INSTRUCTIONS FOR THE TASK: Without including any images, set down the records below exactly.

DATA LISTING:
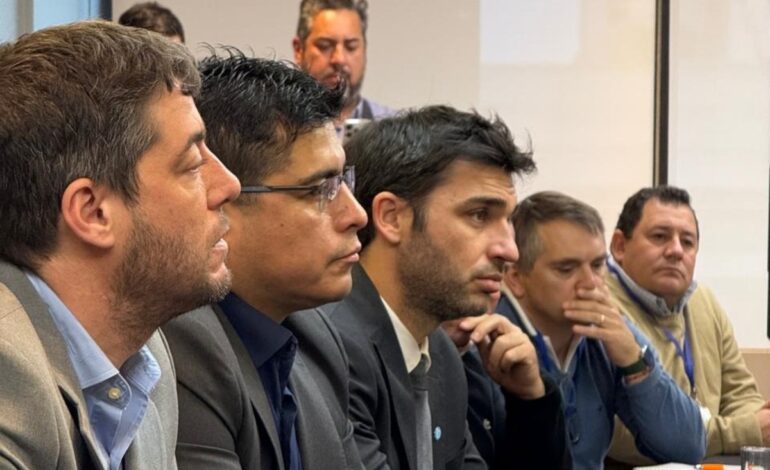 SIN RESULTADOS EN EL CONFLICTO PESQUERO
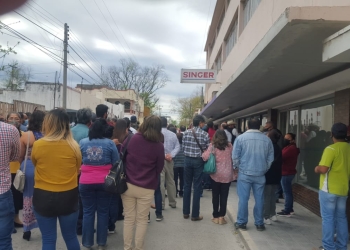 Claudio Bres se registra por Morena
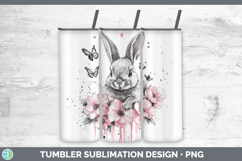 GorgeousPink Drips BS02 Tumbler design.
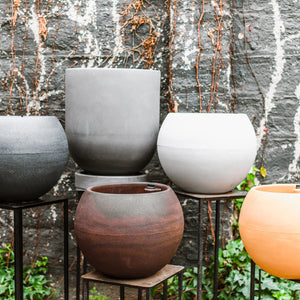 Macetero Exterior Gigante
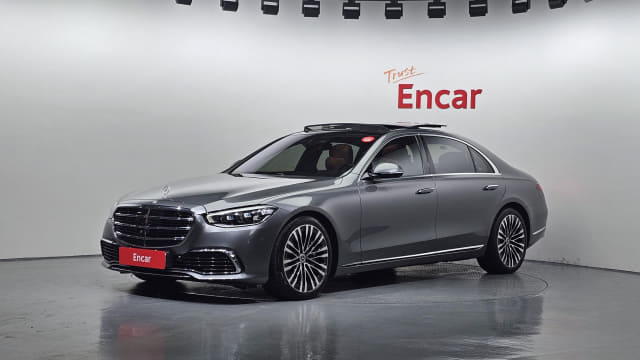 2021 MERCEDES-BENZ S-Class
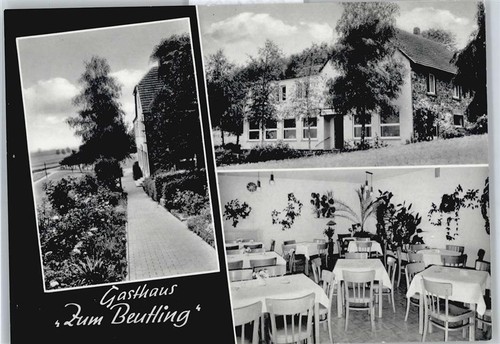 50504520 - 4520 Wellingholzhausen Gasthaus zum Beutling
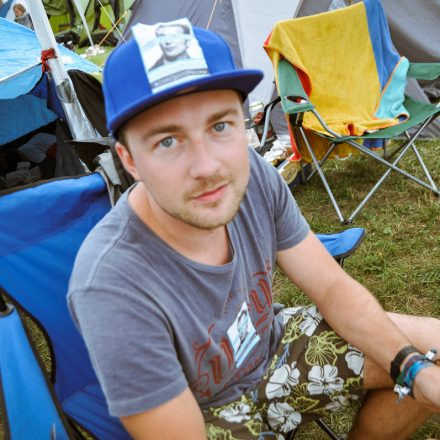 Beatpatrol Festival 2012 - Camping (PART 1)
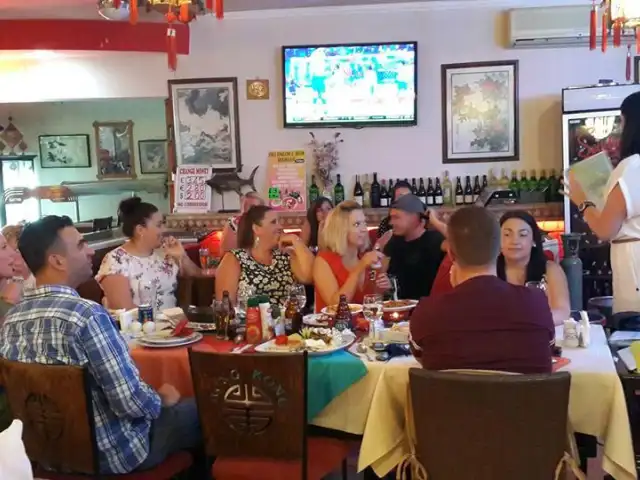 Red Dragon Restaurant'nin yemek ve ambiyans fotoğrafları 27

YOUR RESPONSE:
 SIN RESULTADOS EN EL CONFLICTO PESQUERO
 Claudio Bres se registra por Morena
 GorgeousPink Drips BS02 Tumbler design.
 Macetero Exterior Gigante
 2021 MERCEDES-BENZ S-Class
 50504520 - 4520 Wellingholzhausen Gasthaus zum Beutling
 Beatpatrol Festival 2012 - Camping (PART 1)
 Red Dragon Restaurant'nin yemek ve ambiyans fotoğrafları 27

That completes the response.